Called the Moody's Mega Math Challenge, the contest focuses on modeling and analysis of real-world problems. Ben Fusaro and Lee Seitelman have coordinated problem creation and judging since the first contest.

The contest introduces junior and senior high school students to applied mathematics by giving them opportunities, working in three- to five-person teams, to tackle real-world problems under time and resource constraints akin to those faced by industrial applied mathematicians. In a single 14-hour session, a participating team downloads the contest problem from the SIAM Web site, develops a mathematical model for its solution, and presents the group's findings in a paper written to be accessible to nontechnical readers. In 2009, the teams submitting the best solutions will share $80,000 in college scholarship prizes. The judges, who follow a rigorous judging process, are professional mathematicians (disclosure: I have judged the contest every year). For the final round of judging, the top six teams travel to Moody's Corporation headquarters in New York City to present their solutions to a panel of judges (again, I have been a member of that panel each year).

The contest has evolved since it was first held in 2006; it began locally (for Moody's), in New York City, and has expanded into a larger geographic area each year. For 2009, the contest area includes all of the New England and Mid-Atlantic states, from Maine to Washington, DC. Continued expansion is planned through 2016, at which time the contest is to be national.

The 2006 contest problem asked the students to develop strategies that would ensure the solvency of the Social Security system for 75 years. In 2007, the students were to create an investment plan, given stock performance data for 16 high-tech companies. This year's teams were to evaluate the efficiency of a corn-to-ethanol strategy for achieving energy independence, and the concomitant effect on global food prices.

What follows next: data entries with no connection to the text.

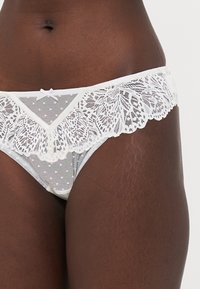Thong alb din dantela, cu plasă cu buline, margine dantelată ondulată și un accent cu fundiță mică în față. Material moale și ușor.
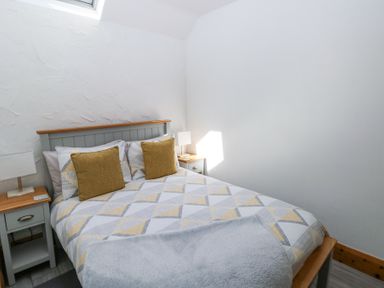 A bedroom with a double bed two bedside tables and lamps at 3 The Barn in Haverfordwest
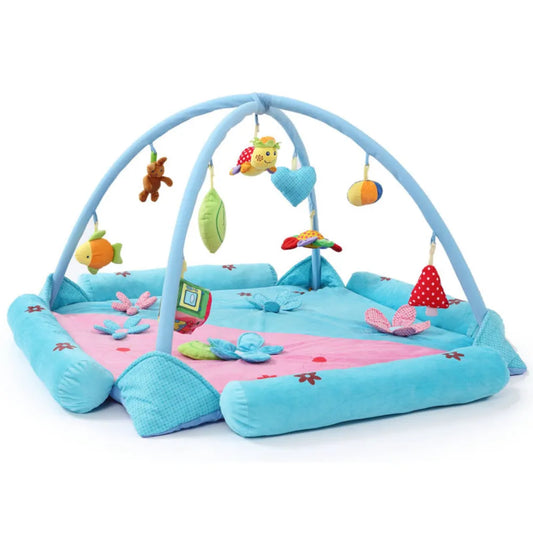Tapis bébé floral avec 9 suspensions colorées et tissu ultra-doux pour éveil sensoriel.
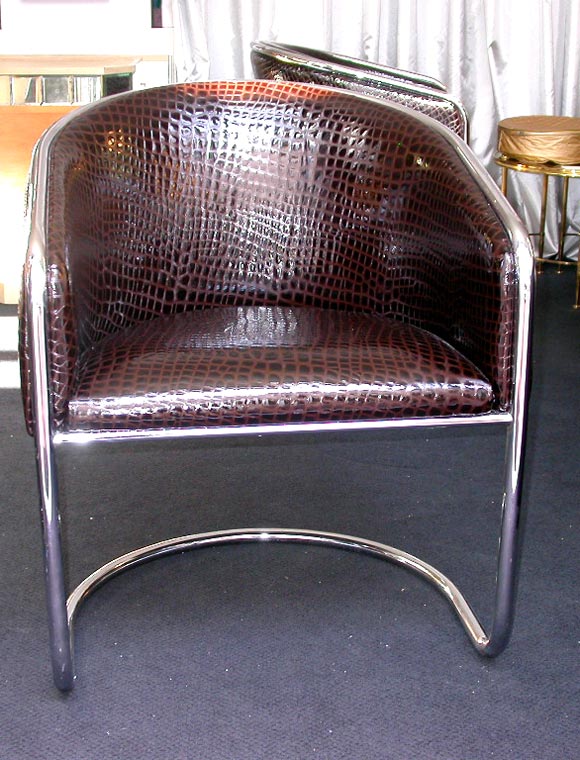 A Pair of Chrome and Patent Leather Tub Chairs by Thonet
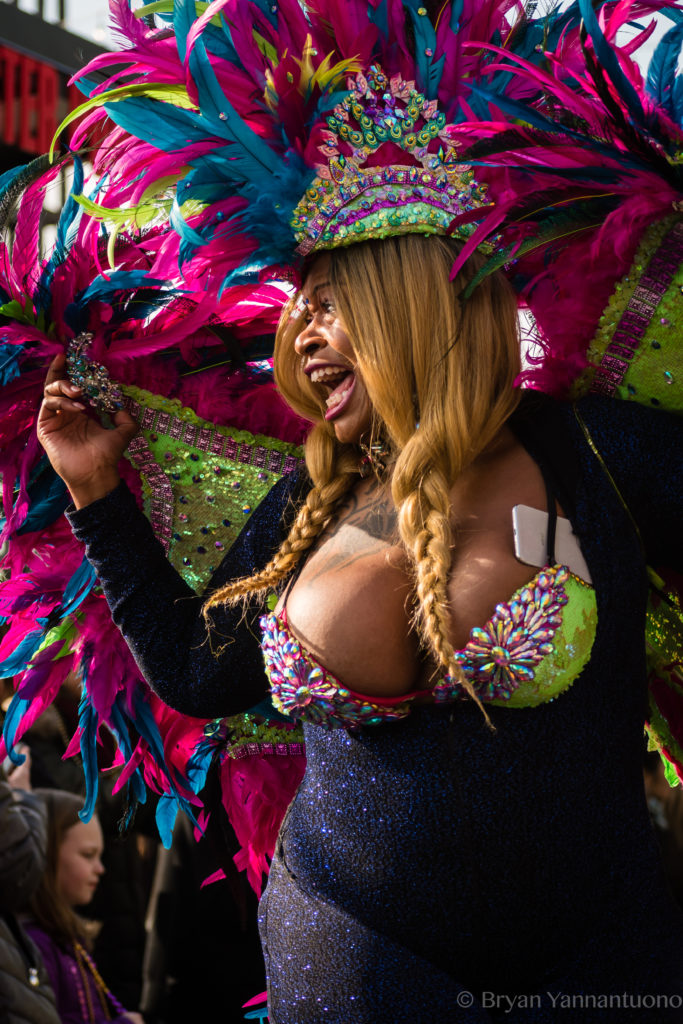 An excited woman walks in a Mardi Gras parade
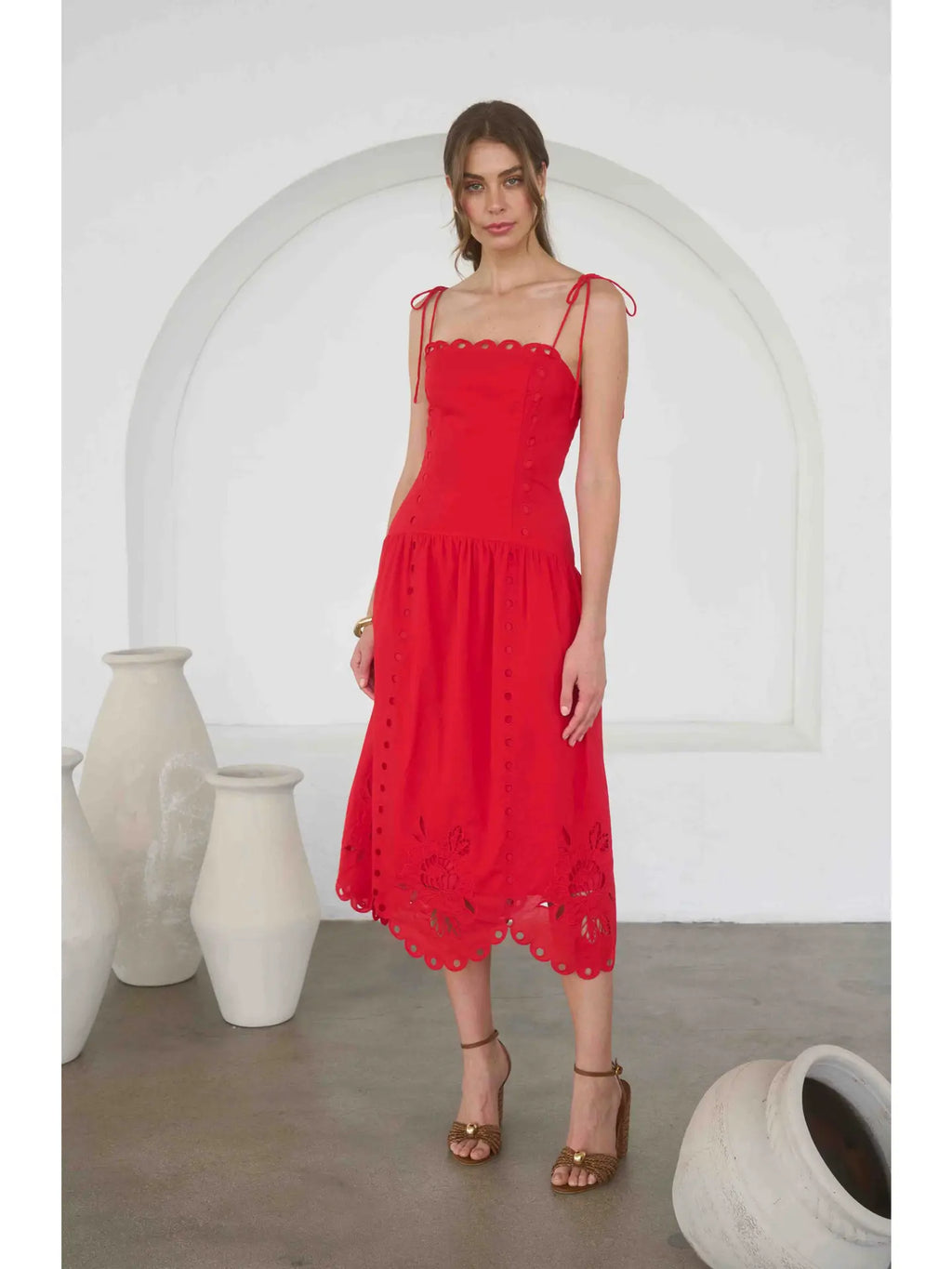 Woman wearing a red dress standing in front of white arches and vases.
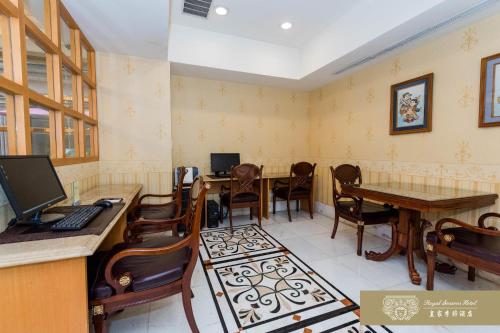 a waiting room with desks and chairs and a computer at Royal Seasons Hotel Taipei ‧ Nanjing W. in Taipei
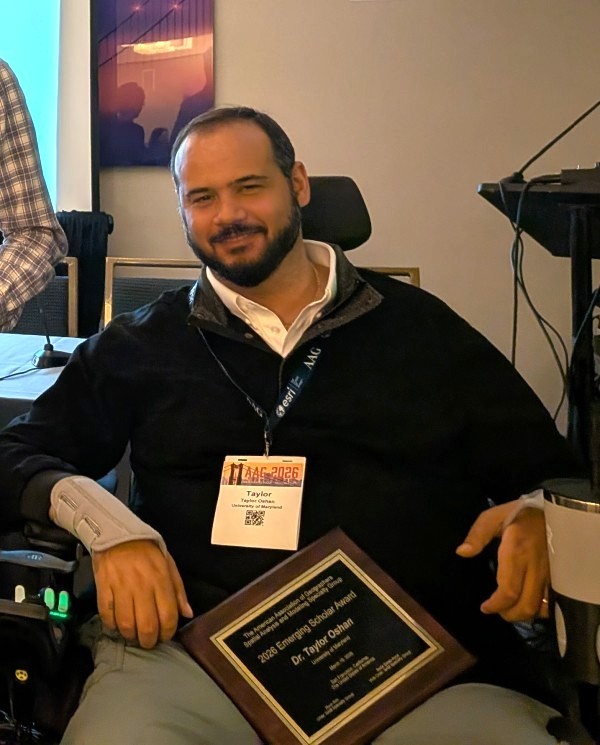 A medium shot of a man with a beard, wearing a black quarter-zip sweater and an AAG 2026 conference badge, smiling and holding a wooden plaque. The plaque reads, "The American Association of Geographers Spatial Analysis and Modeling Specialty Group, 2026 Emerging Scholar Award, Dr. Taylor Oshan, University of Maryland." He is seated in a wheelchair in what appears to be a conference room.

Lee Seitelman and Ben Fusaro welcome input from the SIAM community for modeling problems for future contests. Unfortunately, there is not a surfeit of realistic modeling problems that can be studied, "solved," and documented in 14 hours by high school students, using only Internet resources and reference materials! Suggested problems should be sent to Seitelman (lseitelman@aol.com) or Michelle Montgomery (montgomery@siam.org). A $500 honorarium will be awarded to the author of any problem chosen for the contest.

The 2009 contest is scheduled for March 7 and 8!